*** Opening of Extracted entries ***

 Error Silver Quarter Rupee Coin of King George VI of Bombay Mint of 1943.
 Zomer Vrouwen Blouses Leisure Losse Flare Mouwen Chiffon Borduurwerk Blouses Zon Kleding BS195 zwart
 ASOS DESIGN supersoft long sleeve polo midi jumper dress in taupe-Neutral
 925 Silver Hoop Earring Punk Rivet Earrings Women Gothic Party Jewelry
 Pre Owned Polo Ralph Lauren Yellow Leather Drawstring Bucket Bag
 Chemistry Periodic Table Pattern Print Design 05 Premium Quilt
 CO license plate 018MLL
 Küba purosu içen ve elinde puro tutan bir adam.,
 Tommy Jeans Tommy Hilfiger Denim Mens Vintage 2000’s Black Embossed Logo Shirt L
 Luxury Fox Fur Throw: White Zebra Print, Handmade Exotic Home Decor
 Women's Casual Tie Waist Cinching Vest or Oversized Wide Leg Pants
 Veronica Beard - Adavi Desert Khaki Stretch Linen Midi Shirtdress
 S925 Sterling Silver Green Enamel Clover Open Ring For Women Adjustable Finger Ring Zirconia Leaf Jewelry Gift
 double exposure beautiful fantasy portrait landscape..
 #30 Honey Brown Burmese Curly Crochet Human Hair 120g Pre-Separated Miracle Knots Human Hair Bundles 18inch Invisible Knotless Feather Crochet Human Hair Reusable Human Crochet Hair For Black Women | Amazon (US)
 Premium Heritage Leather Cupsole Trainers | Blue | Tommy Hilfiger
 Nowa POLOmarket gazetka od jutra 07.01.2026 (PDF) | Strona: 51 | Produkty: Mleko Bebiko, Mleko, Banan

*** Close of Extracted entries ***

▶ _Exercise goal_:
The lines above from the one containing "Pre Owned Polo" through the one containing "Women's Casual Tie" are to be set down exactly, and no others.

▶ _Worked solution_:
 Pre Owned Polo Ralph Lauren Yellow Leather Drawstring Bucket Bag
 Chemistry Periodic Table Pattern Print Design 05 Premium Quilt
 CO license plate 018MLL
 Küba purosu içen ve elinde puro tutan bir adam.,
 Tommy Jeans Tommy Hilfiger Denim Mens Vintage 2000’s Black Embossed Logo Shirt L
 Luxury Fox Fur Throw: White Zebra Print, Handmade Exotic Home Decor
 Women's Casual Tie Waist Cinching Vest or Oversized Wide Leg Pants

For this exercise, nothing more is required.